Those attacks which are not supposedly authorized by Obama, are jointly organized and managed by the Central Intelligence Agency and the Pentagon’s Special Operations Command. Although the White House denies the existence of an official military program where drones are used, it is well-known that both the CIA and the Department of Defense carry out continuous surveillance operations both inside and outside the United States.
Despite the secrecy, which the American government justifies with the classic “it is a matter of national security” many of the attacks are known to be based on false intelligence. “They don’t know what they’re doing,” says Professor Clive Stafford, the head of REPRIEVE, a Human Rights organization.
“For example, in the case of the information provided by Pakistani sources, such intelligence information comes from people who are paid to seek and pass the information. But this same people are also paid by sources on the other side to provide false information to the Americans.
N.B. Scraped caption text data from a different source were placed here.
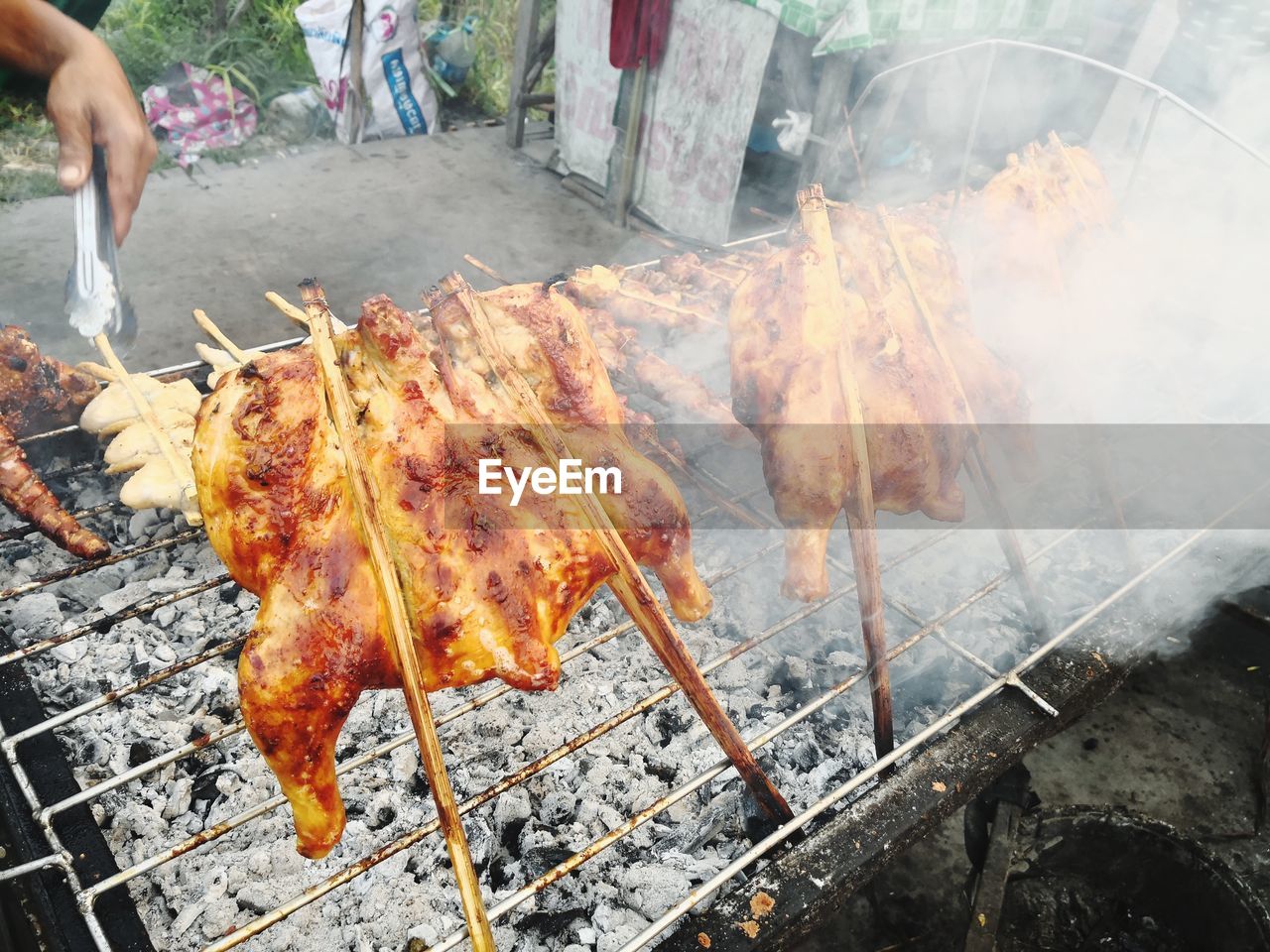 CLOSE-UP OF HANDS ON BARBECUE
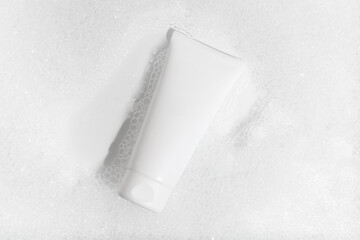 White mockup of a tube of cream in water with foam at an angle on a white background. Concept of gels and foams for washing face, moisturizer, cosmetics for beauty and self care. Image for your design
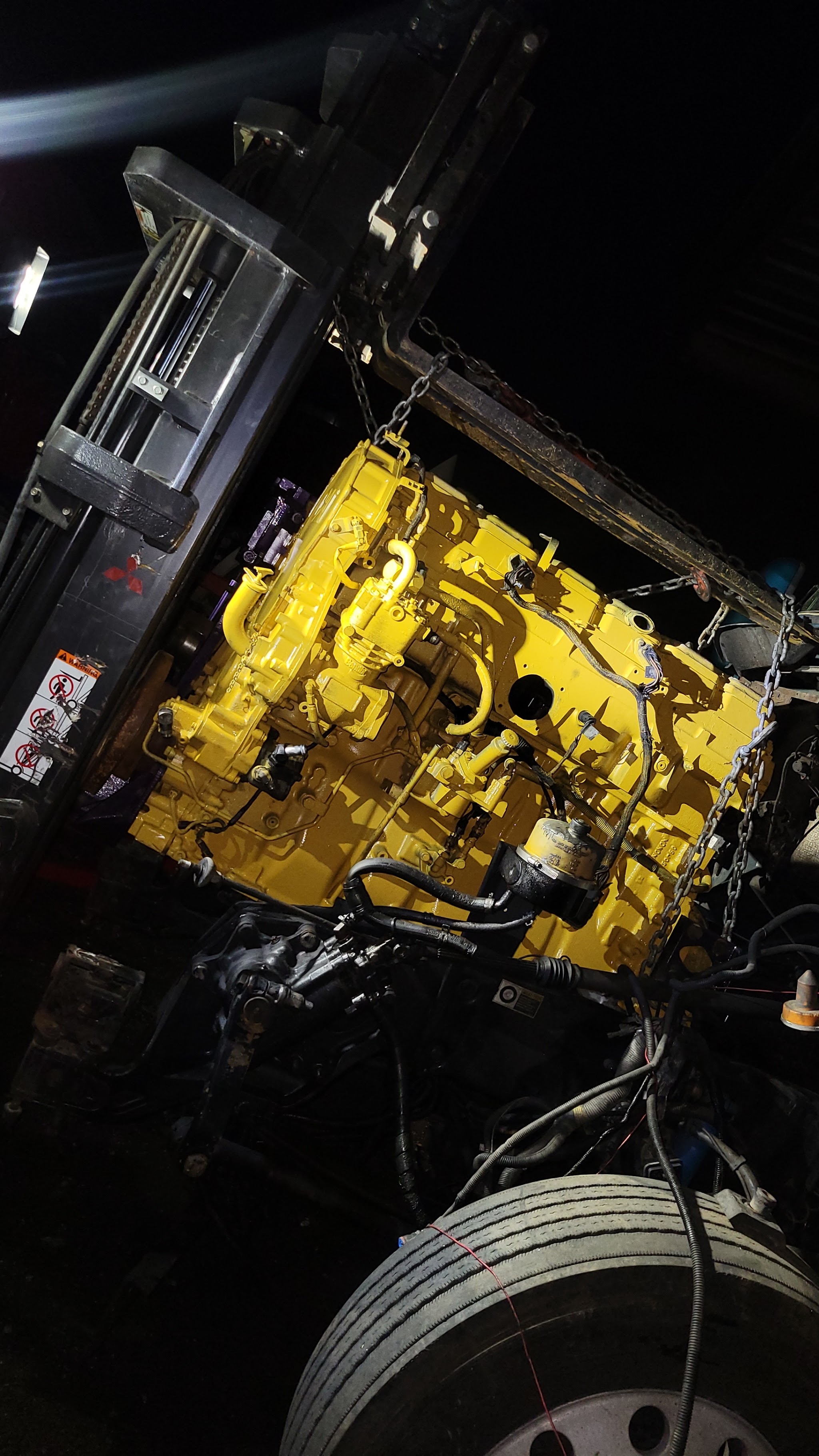 A freshly painted yellow truck engine hanging from a forklift chain at night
That is why the CIA has now asked the U.S. government to support the recruitment of 1,600 new intelligence assets, which according to the spook agency will help improve the quality of the information received by the military and the CIA itself.
Another problem with the terrorist air attacks, says Stafford, is that the attacks always take the lives of people who have nothing to do with the supposed terrorists.
But both for the military and the CIA, these casualties of war are worthwhile if it means that their operations will continue to have funding from the U.S. tax payers and drug money with which a terrorist organization such as the CIA finances most of its operations.